> Records supplied:
^^^^^^^^^^^^^^^^

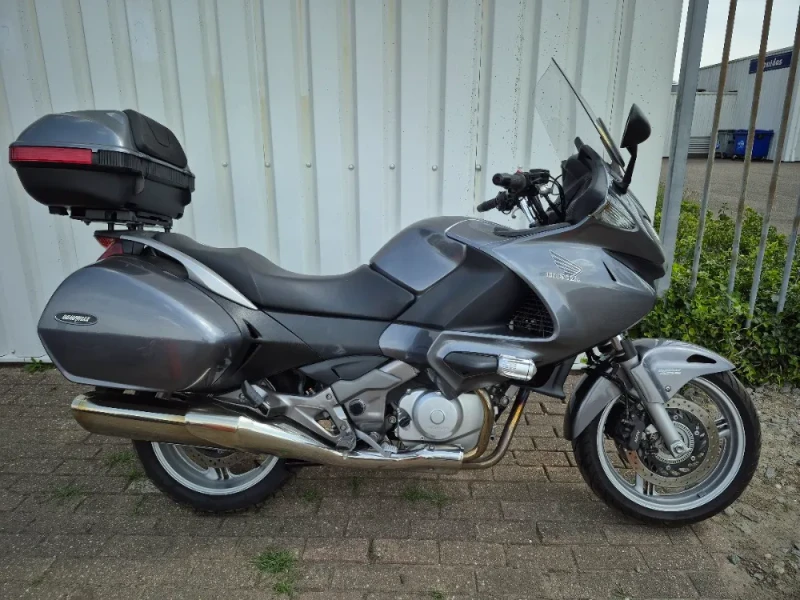 Honda Deauville NT700V uit 2007, netjes en compleet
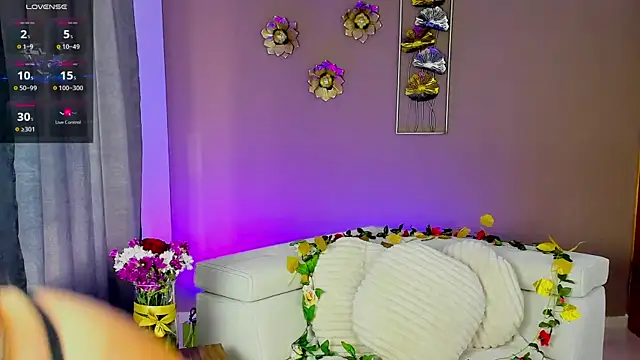 Luna velmont online show from 19, 3, 2026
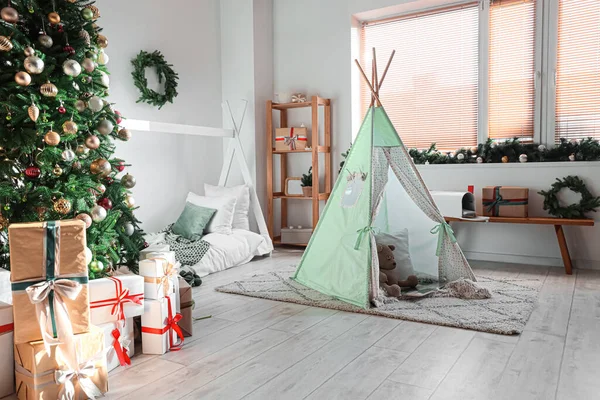 テント ギフトおよび装飾されたクリスマス ツリーが付いている居心地の良い子供の寝室の内部 — ストック写真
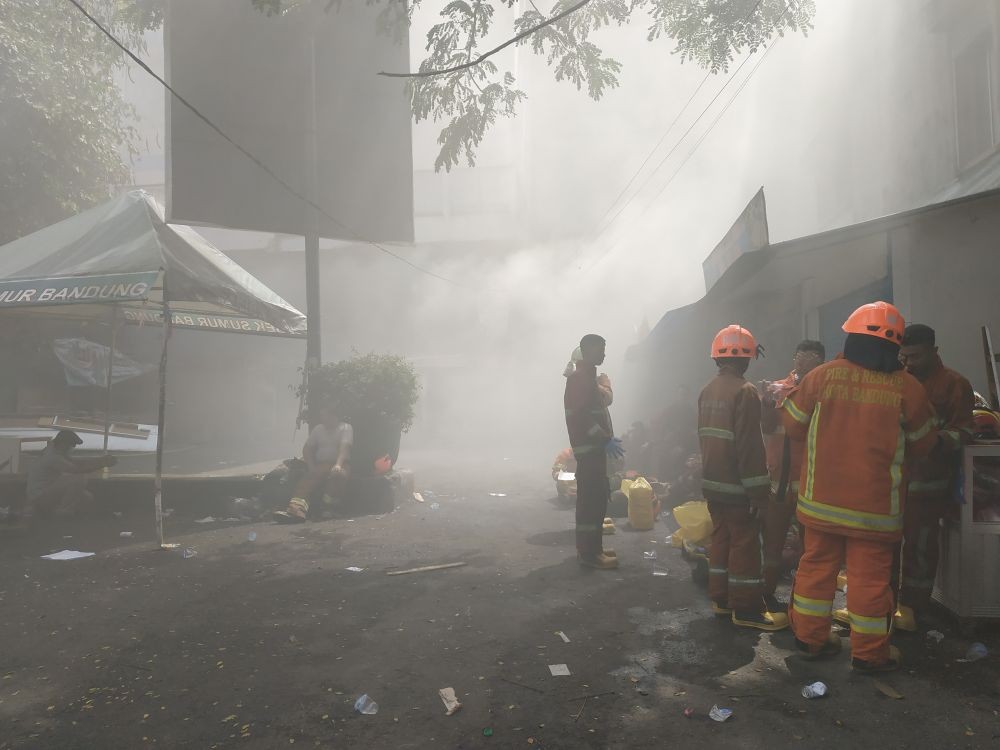 [Foto] 20 Jam Kebakaran Pasar Kosambi yang Sulit Dipadamkan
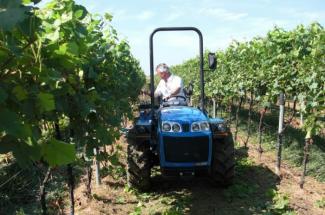 Tractoren met vierwielaandrijving BCS Valiant 650 AR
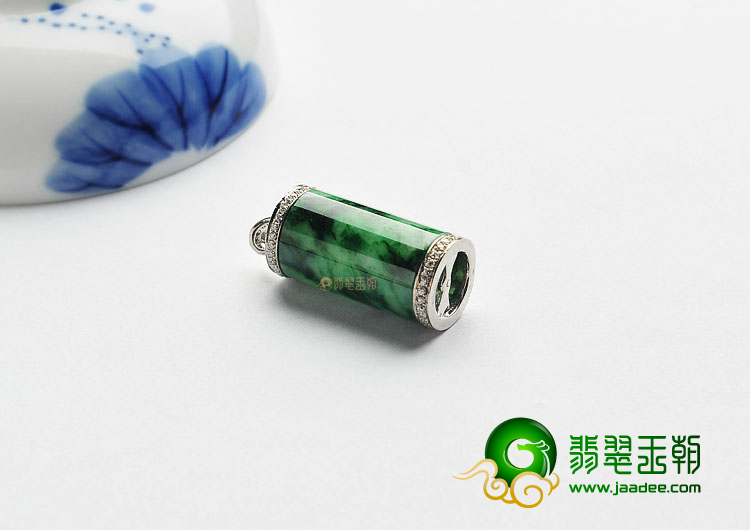 糯冰种癣加绿缅甸翡翠A货镶银路路通胸坠(水钻)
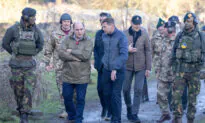 UK Sends Helicopters to Ukraine for 1st Time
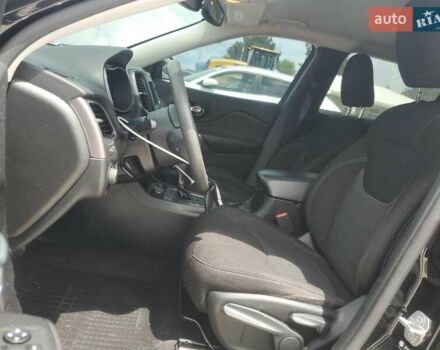 Джип Чероки 2020 в Кропивницком (Кировограде) на Automoto.ua Красный Джип Чероки, объемом двигателя 2.36 л и пробегом 121 тыс. км за 2300 $, фото 6 на Automoto.ua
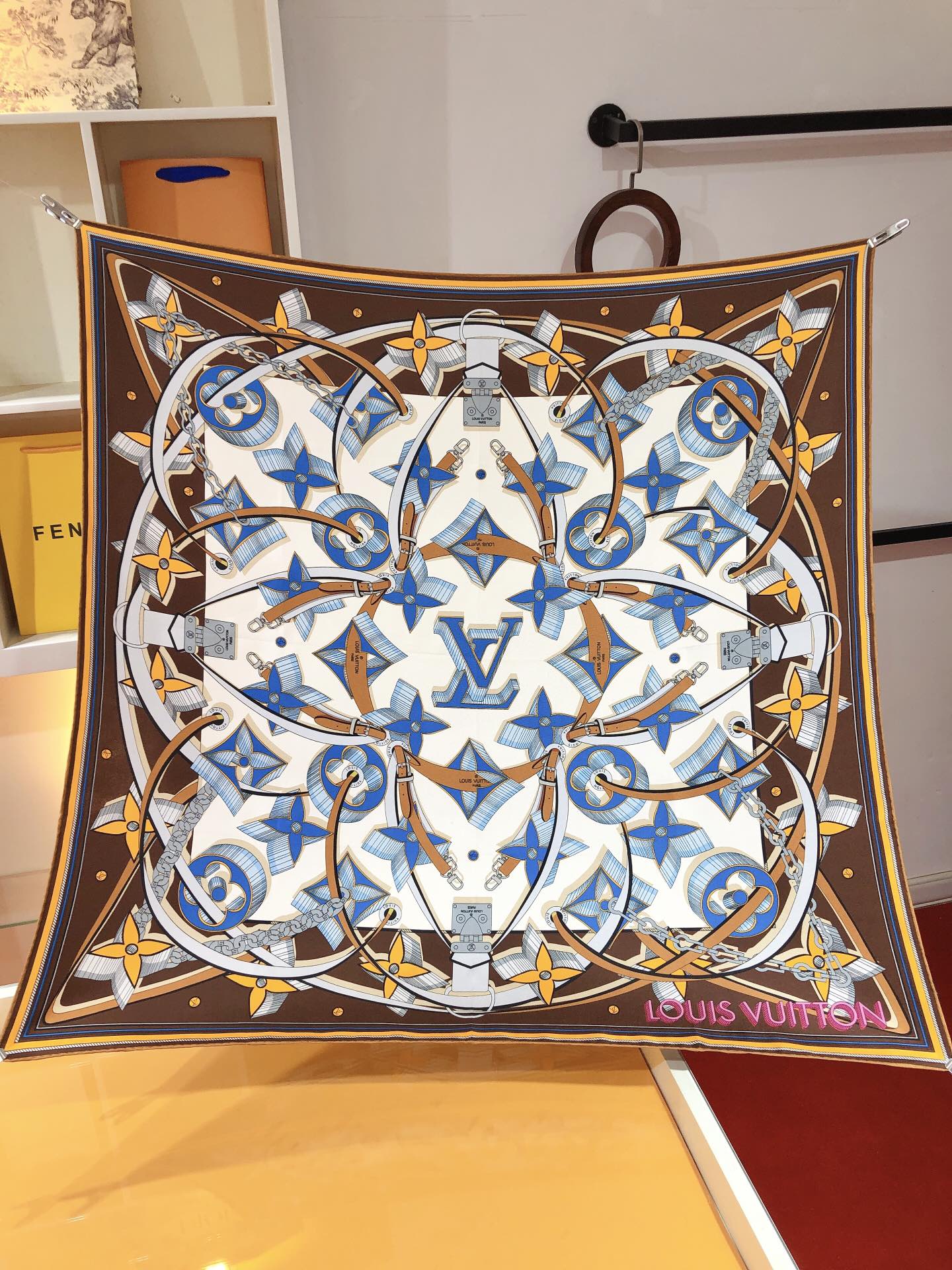 Louis Vuitton Ultimate 3D Square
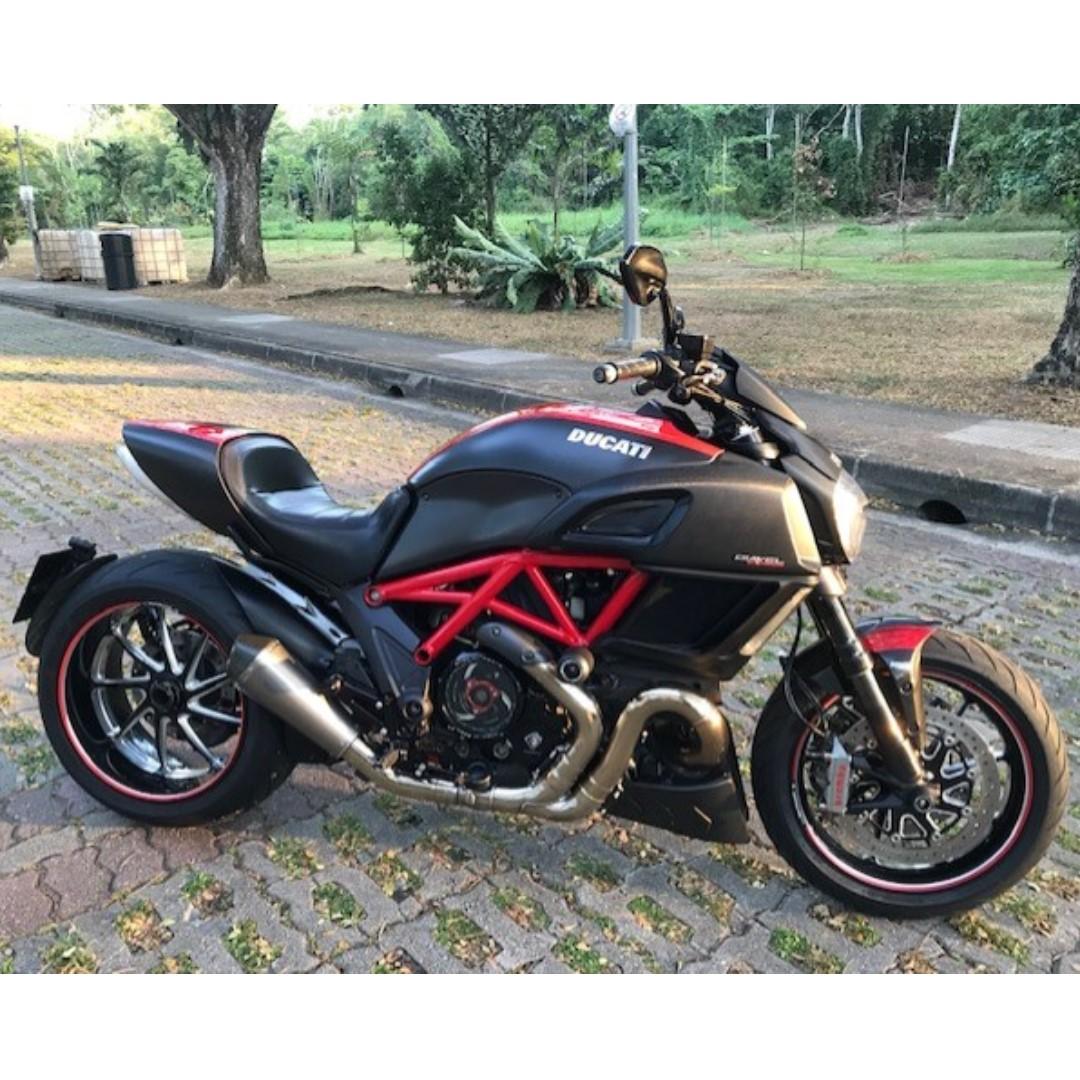 Ducati Diavel Carbon Red Gen2 Motorbikes Motorbikes For Sale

^^^^^^^^^^^^^^^^

> What this task involves:
Every line from the one holding "UK Sends Helicopters to Ukraine for 1st Time" through the last line of the entries above, and nothing else, is to be restated word for word. Pictures stay out.

> Output for this task:
 UK Sends Helicopters to Ukraine for 1st Time
 Джип Чероки 2020 в Кропивницком (Кировограде) на Automoto.ua Красный Джип Чероки, объемом двигателя 2.36 л и пробегом 121 тыс. км за 2300 $, фото 6 на Automoto.ua
 Louis Vuitton Ultimate 3D Square
 Ducati Diavel Carbon Red Gen2 Motorbikes Motorbikes For Sale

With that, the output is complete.